● **ACTIVITY**
Set down only the lines from the one containing "Mobile Schnittstellen mit" through the final line of the entries below, exactly as they stand, with no pictures.

● **LISTED RECORDS**

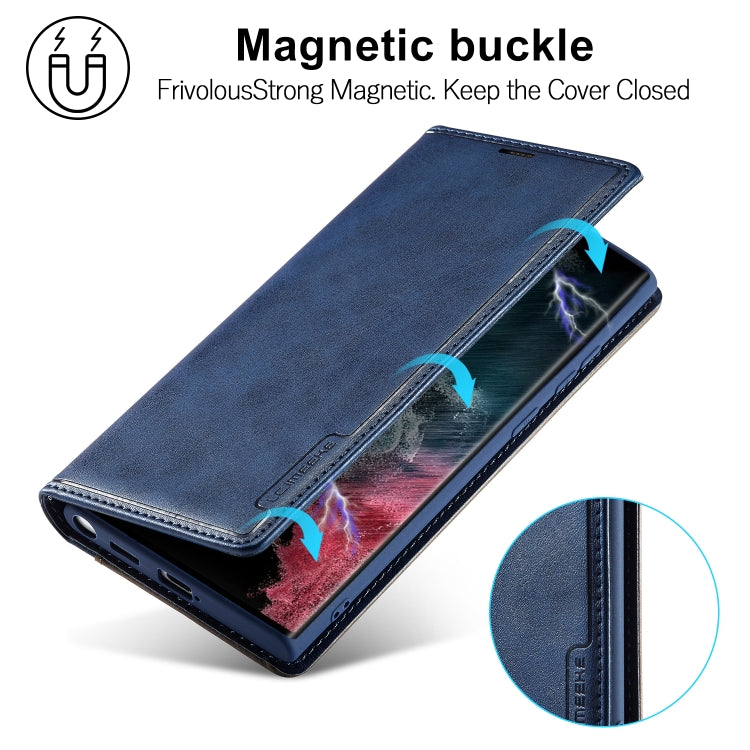 For Samsung Galaxy S23 Ultra 5G LC.IMEEKE LC-001 Series PU + TPU Color Matching Frosted Leather Phone Case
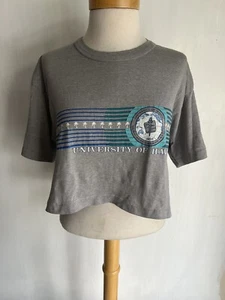 UNIVERSITY OF HAWAII Vintage 80s Design Tees Crop Top T-Shirt Size M/L (XL) - Picture 1 of 5
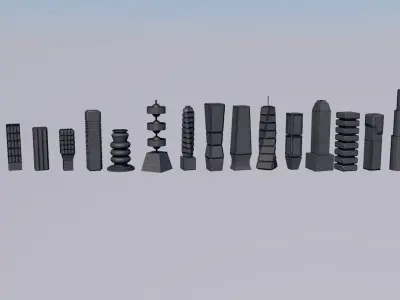 16 Buildings Pack Sci-Fi Cityscape Free 3D model
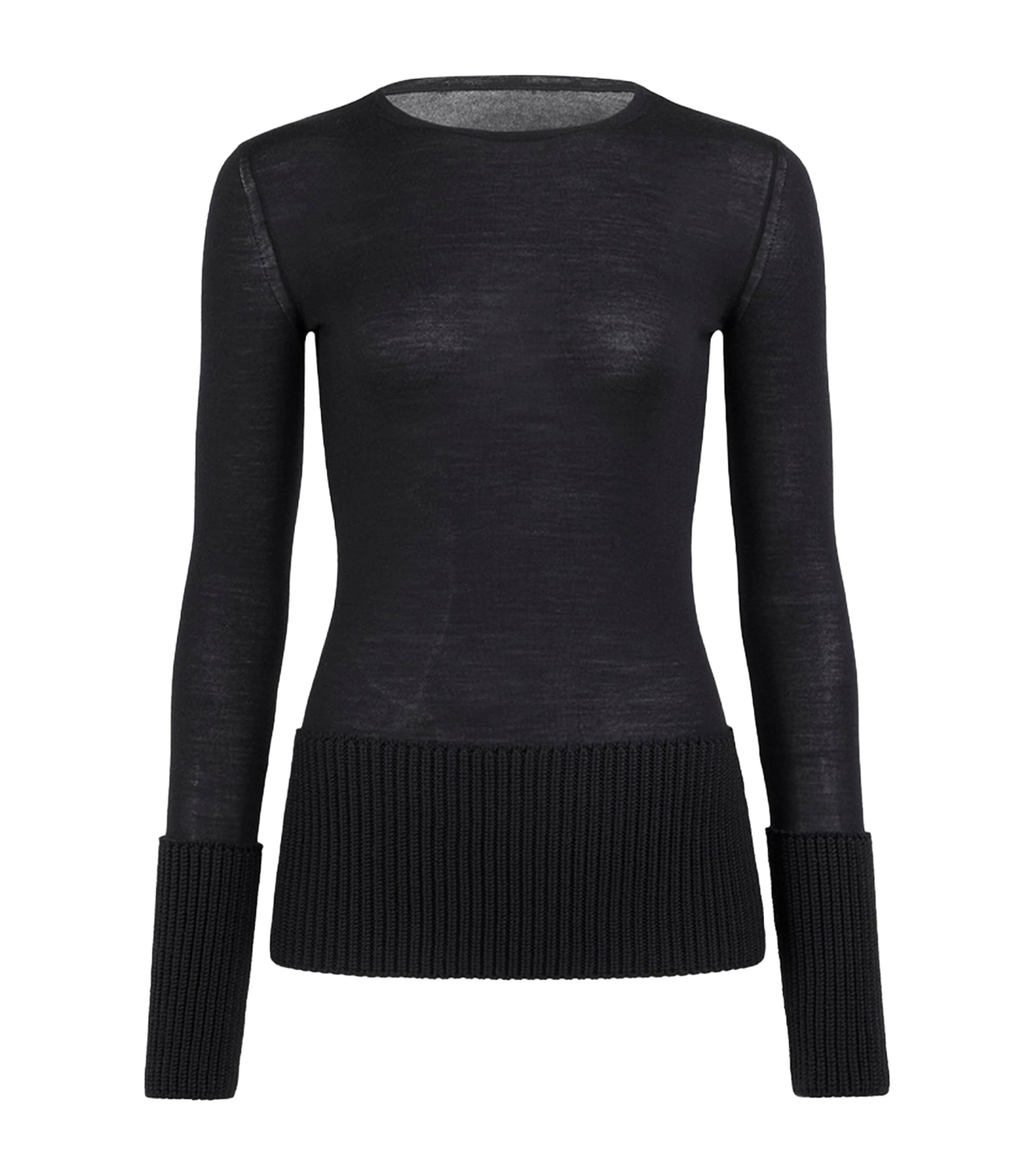 Alaïa Womens Merino Wool Top Black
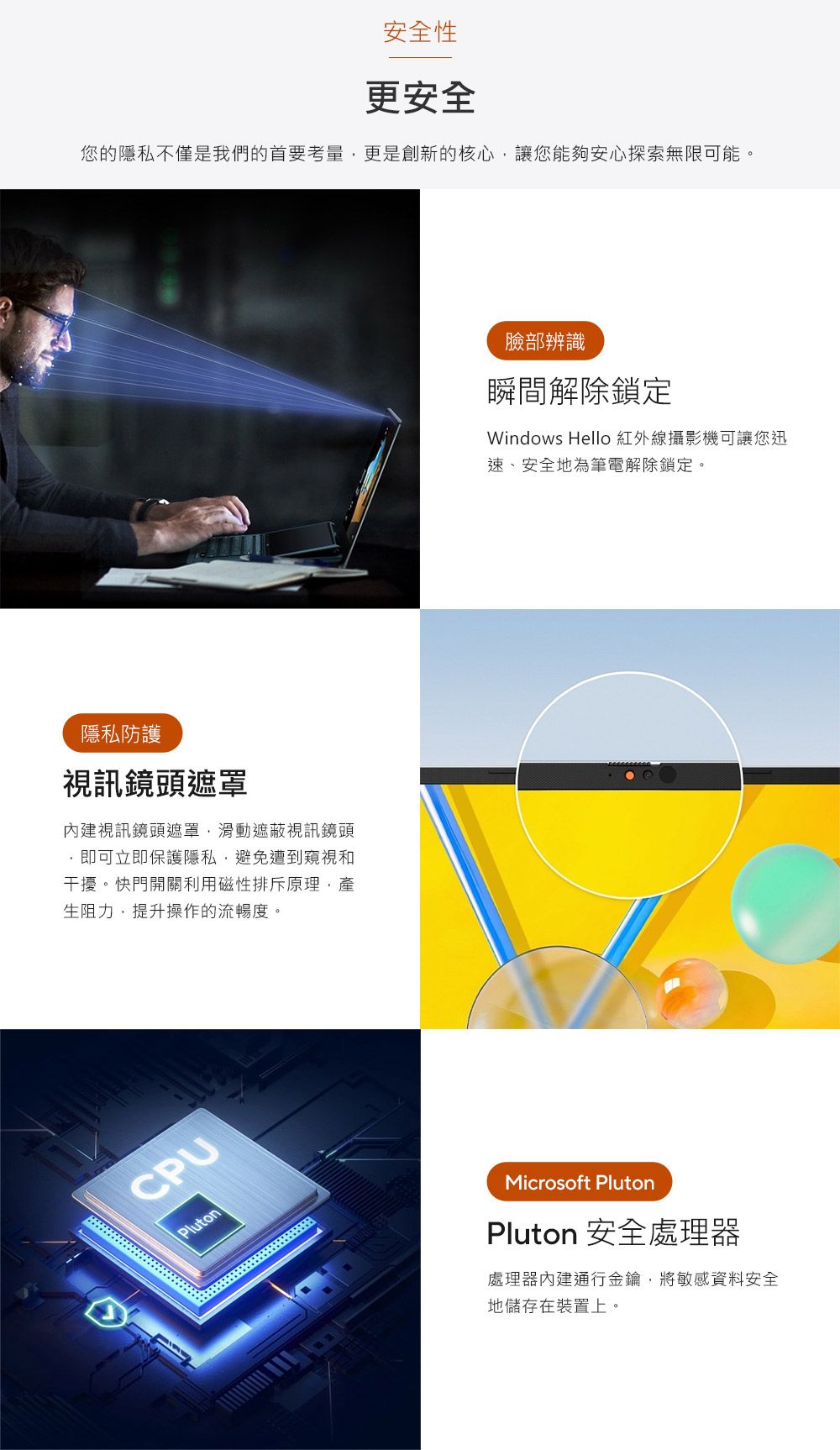 安全性更安全您的隱私不僅是我們的首要考量更是創新的核心,讓您能夠安心探索無限可能。隱私防護視訊鏡頭遮罩視訊鏡頭遮罩,滑動遮蔽視訊鏡頭,即可立即保護隱私,避免遭到窺視和干擾。快門開關利用磁性排斥原理,產生阻力,提升操作的流暢度。CPUPluton臉部辨識瞬間解除鎖定Windows Hello 紅外線攝影機可讓您迅速、安全地為筆電解除鎖定。Microsoft PlutonPluton 安全處理器處理器內建通行金鑰,將敏感資料安全地儲存在裝置上。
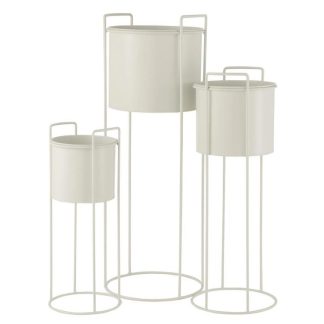 Pot & Cache-Pot | Lot de 3 Cache-Pots sur Pied "Métal" 80cm Blanc Pot & Cache-Pot Blanc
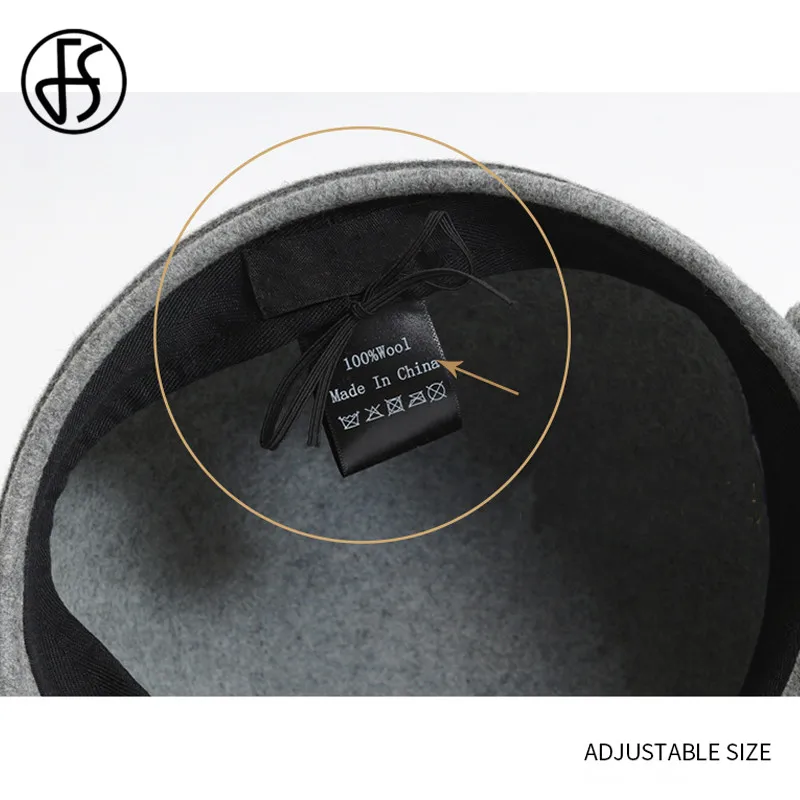 FS осенне зимняя шапка с неровными полями фетровая шляпа для женщин шерстяная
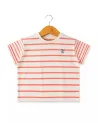 EOM - Tee-shirt Elorisao rayé corail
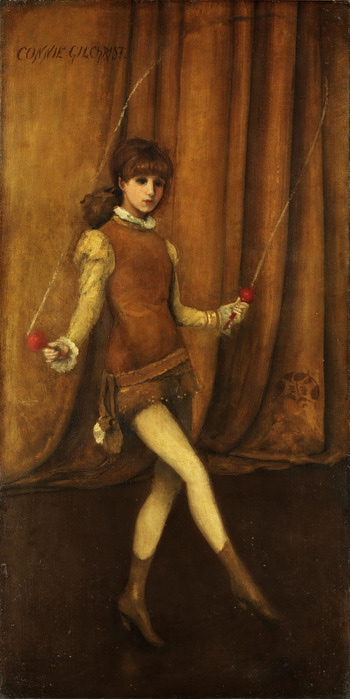 Джеймс Макнейл Уистлер - Гармония в желтом и золотом. Золотая девушка, Конни Гилкрист ок. 1876 (350x700, 72Kb)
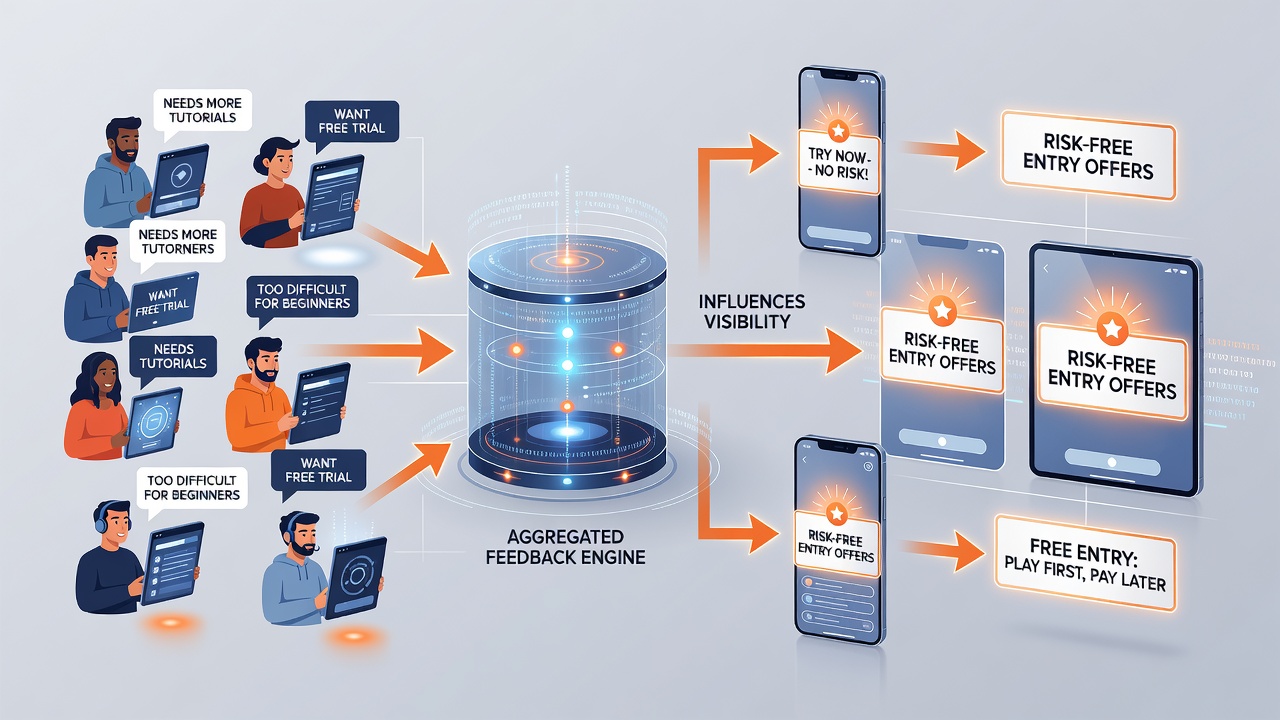 Mobile Schnittstellen mit angepassten Bonusdarstellungen basierend auf Feedback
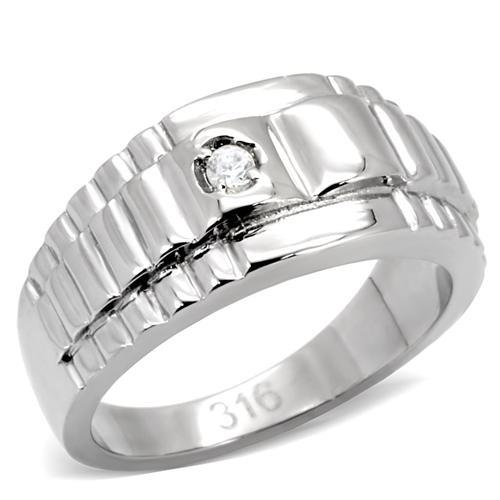 JCE120 High polished (no plating) Stainless Steel Ring with AAA Grade CZ  in Clear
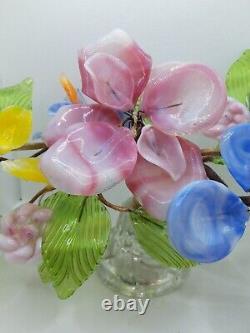 Vintage 40s Glass Flowers Hand Blown Murano Art Glass Floral Bonsai wire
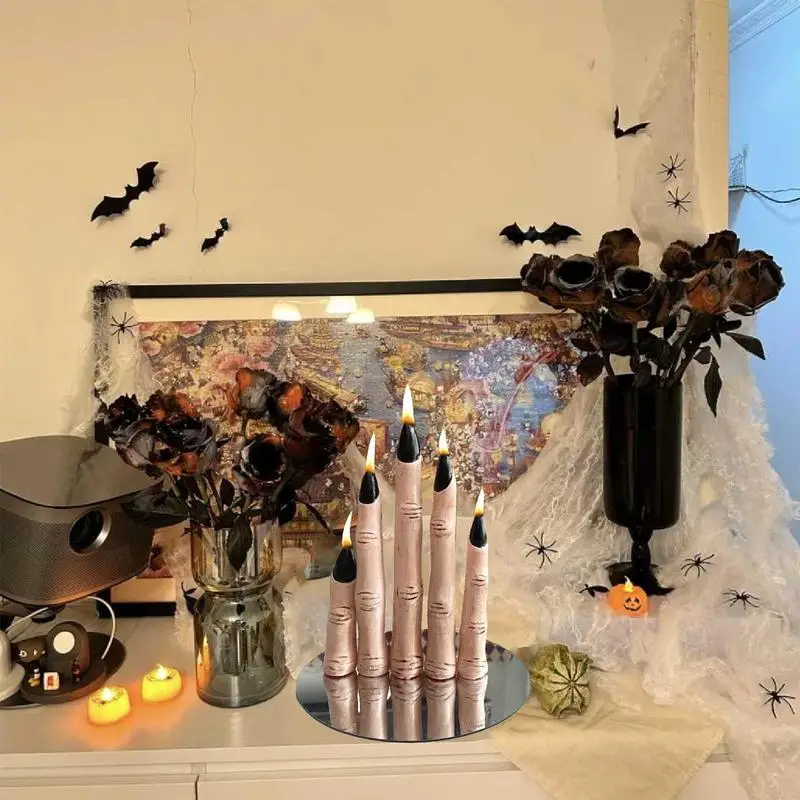 Gothic Candles Halloween Life-Size Finger Candles Novelty Scary Creepy Witch Thumb Candle With Black Nails Horror Realistic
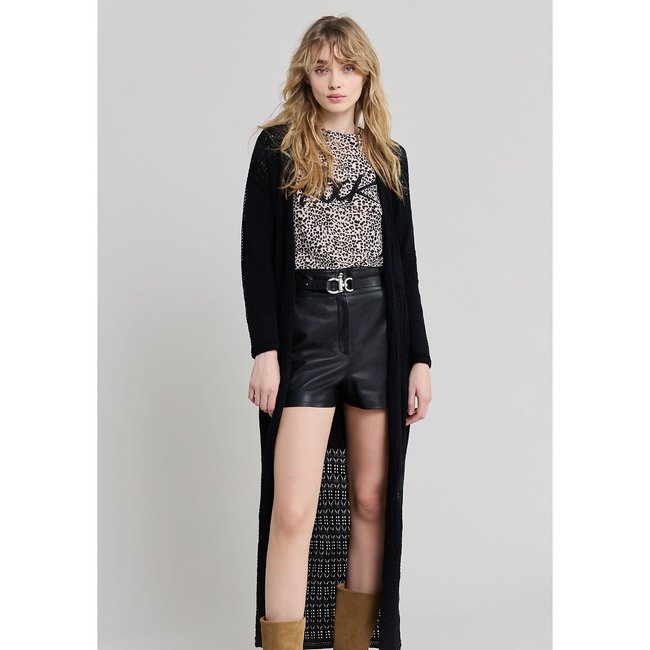 Long cardigan with long sleeves, black, IKKS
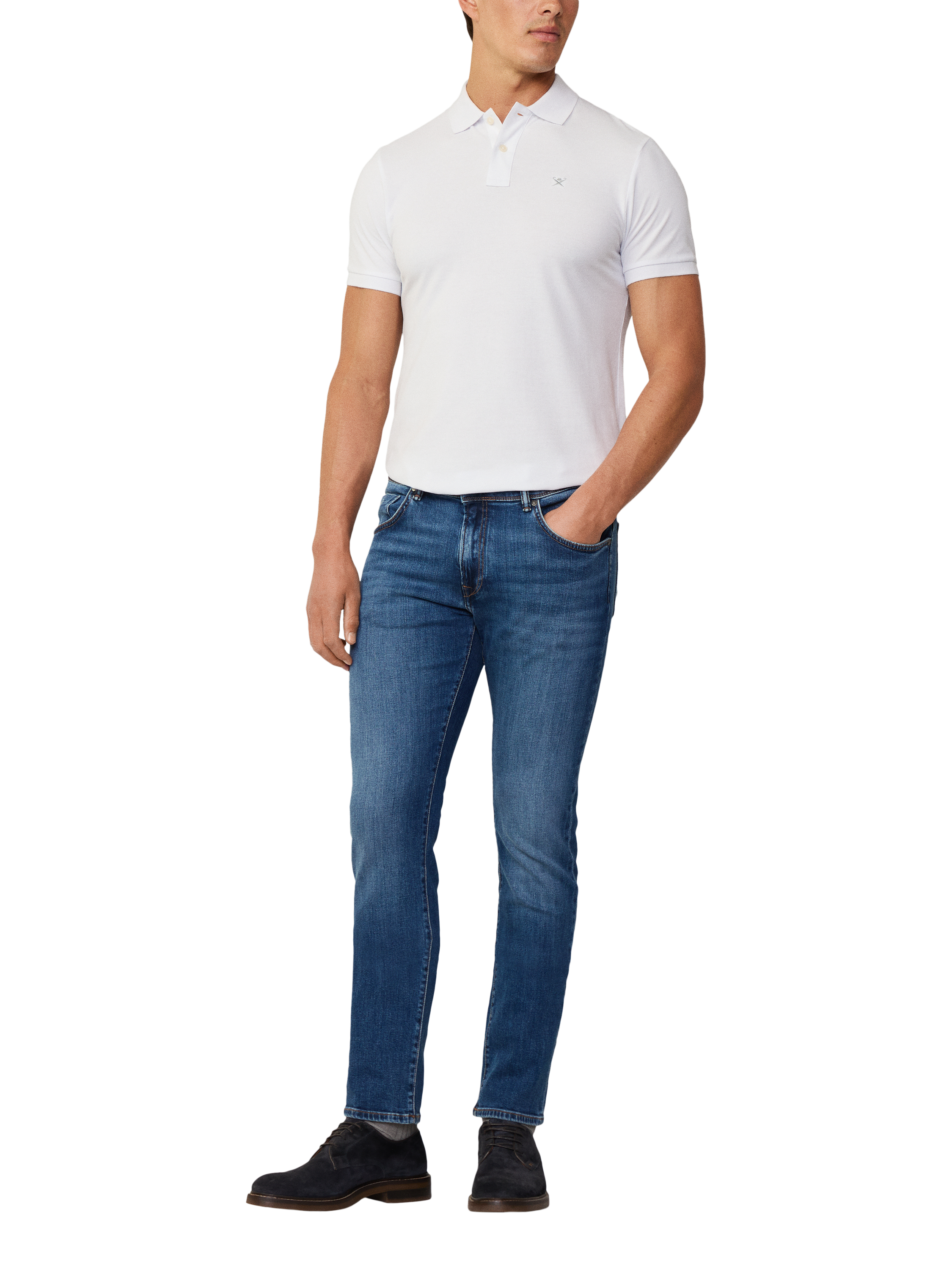 Product image 1 of 7, which shows Hackett London Cotton Pique Slim Fit Polo Shirt, Optic White, XS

● **EXERCISE SOLUTION**
 Mobile Schnittstellen mit angepassten Bonusdarstellungen basierend auf Feedback
 JCE120 High polished (no plating) Stainless Steel Ring with AAA Grade CZ  in Clear
 Vintage 40s Glass Flowers Hand Blown Murano Art Glass Floral Bonsai wire
 Gothic Candles Halloween Life-Size Finger Candles Novelty Scary Creepy Witch Thumb Candle With Black Nails Horror Realistic
 Long cardigan with long sleeves, black, IKKS
 Product image 1 of 7, which shows Hackett London Cotton Pique Slim Fit Polo Shirt, Optic White, XS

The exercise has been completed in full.